- Theatrical release poster
- Directed by: Ken Marino
- Written by: Chris Spain; Jon Zack;
- Produced by: Eugenio Derbez; Benjamin Odell;
- Starring: Eugenio Derbez; Salma Hayek; Raphael Alejandro; Raquel Welch; Linda Lavin; Renée Taylor; Rob Corddry; Rob Riggle; Kristen Bell; Rob Lowe;
- Cinematography: John Bailey
- Edited by: John Daigle
- Music by: Craig Wedren
- Production company: 3Pas Studios
- Distributed by: Pantelion Films
- Release date: April 28, 2017;
- Running time: 116 minutes
- Country: United States
- Languages: English; Spanish;
- Budget: $10-13 million
- Box office: $62.6 million

= How to Be a Latin Lover =

How to Be a Latin Lover is a 2017 American comedy film starring Eugenio Derbez, Salma Hayek, Raphael Alejandro, Raquel Welch, Rob Riggle, Rob Huebel, Rob Corddry, Renée Taylor, Linda Lavin, Kristen Bell, and Rob Lowe. This was also Welch's final film before she died in 2023. The film was directed by Ken Marino and written by Chris Spain and Jon Zack. The film follows a man who has spent his whole life married to a rich old woman, and must learn to make it on his own when she kicks him out. It was released on April 28, 2017 by Pantelion Films and grossed $62.6 million worldwide.

==Plot==
Having made a career of seducing rich older women, Maximo marries a wealthy woman more than twice his age. Twenty-five years later, spoiled, out of shape, and bored from waking up next to his now 80-year-old wife, he is surprised when she dumps him for a younger McLaren car salesman.

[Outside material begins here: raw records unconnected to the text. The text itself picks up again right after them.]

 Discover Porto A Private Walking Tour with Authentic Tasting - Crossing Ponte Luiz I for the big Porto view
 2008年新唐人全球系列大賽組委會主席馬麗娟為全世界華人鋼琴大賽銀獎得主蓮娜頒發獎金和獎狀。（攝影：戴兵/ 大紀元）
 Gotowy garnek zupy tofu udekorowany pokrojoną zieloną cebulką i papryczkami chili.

Forced out of his mansion and desperate for a place to stay, he contacts Rick, another pampered gigolo. He crashes into the upscale playhouse of the woman's granddaughter, which does not go over very well. He soon moves in with his estranged sister, Sara, and her nerdy son, Hugo, in their small apartment.

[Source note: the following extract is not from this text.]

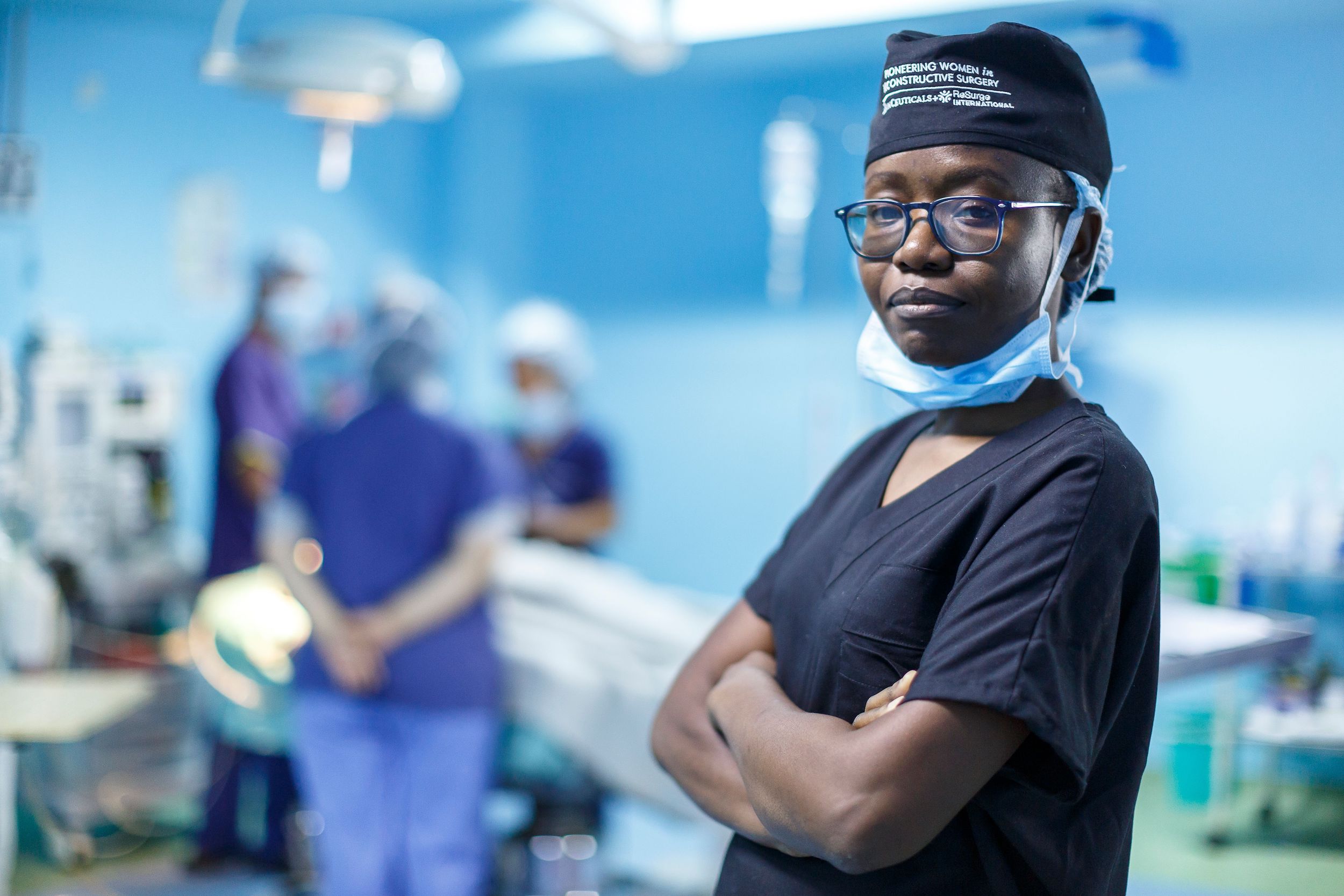 female surgeon in operating room with arms folded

Anxious to return to the lap of luxury, Maximo uses his nephew's crush on classmate Arden to get to his new target: her grandmother, Celeste, a widowed billionaire that Rick is also targeting. Maximo tries to reignite his charm as a Latin lover but fails at it miserably. Sara discovers her brother's scamming and kicks him out. While teaching Hugo some tricks he thinks work on women, Maximo finds himself bonding with his nephew, and this opens his heart to being less selfish and more thoughtful of others.

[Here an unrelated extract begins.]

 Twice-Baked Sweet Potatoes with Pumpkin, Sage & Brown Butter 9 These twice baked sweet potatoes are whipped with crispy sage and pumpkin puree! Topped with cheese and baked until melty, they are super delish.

Eventually, Maximo becomes a gigolo for the woman Rick used to live with, and he patches up the relationship with his sister and nephew.

==Cast==
- Eugenio Derbez as Maximo, an aging playboy who loses his life of wealth and luxury, and schemes to get it back
  - Noel Carabaza as Young Maximo
  - Vadhir Derbez as 21-year-old Maximo
- Salma Hayek as Sara, Maximo's estranged sister
  - Manelly Zepeda as Young Sara
- Raphael Alejandro as Hugo, Sara's nerdy son and Maximo's nephew.
- Rob Lowe as Rick the Gigolo, Maximo's equally wealthy friend.
- Kristen Bell as Cindy, a lonely and single woman, who works at a frozen yogurt shop and lives alone with her dozens of cats.
- Raquel Welch as Celeste Birch, Maximo's target and Arden's grandmother, whom Maximo tries to seduce in order to live a life of luxury once again. This was Welch's final film role before she died in 2023.
- Linda Lavin as Millicent Dupont, the wealthy woman whose gigolo Maximo finally becomes
- Renée Taylor as Peggy, Maximo's wealthy, but elderly, wife. She leaves Maximo for an unattractive, but younger car salesman.
- Rob Riggle as Scott
- Rob Huebel as Nick
- Rob Corddry as Quincy, Celeste's chauffeur
- Mckenna Grace as Arden, Hugo's crush.
- Mather Zickel as James, Sara's neighbor and love interest
- Michaela Watkins as Gwen, Sara's boss
- Michael Cera as Remy, a sleazebag car salesman who seduces Peggy
- "Weird Al" Yankovic as himself
- Ben Schwartz as Jimmy
- Jeffrey Scott Basham as Valet
- Omar Chaparro as Rafa
- José Eduardo Derbez as Drink Waiter

==Production==
On June 5, 2015, it was announced that Eugenio Derbez and Benjamin Odell's Santa Monica-based production shingle 3Pas Studios and Televisa/Lionsgate joint venture Pantelion Films had bought an untitled original comedy script from Chris Spain and Jon Zack, with Lionsgate releasing under its first look deal. On October 26, 2015, Ken Marino was attached to direct the film, starring Derbez. On April 28, 2016, Rob Lowe, Kristen Bell, Raquel Welch and Rob Riggle joined the film's cast along with others including Renée Taylor, Rob Huebel, Michaela Watkins and Linda Lavin. On May 11, 2016, Mckenna Grace joined the cast.

==Release==
The first trailer was released on December 21, 2016. The film was released on April 28, 2017 by Lionsgate's Pantelion Films.

===Box office===
How to Be a Latin Lover has grossed $32.1 million in the United States and Canada and $30.4 million in other territories for a worldwide total of $62.6 million, against a production budget of $10–13 million.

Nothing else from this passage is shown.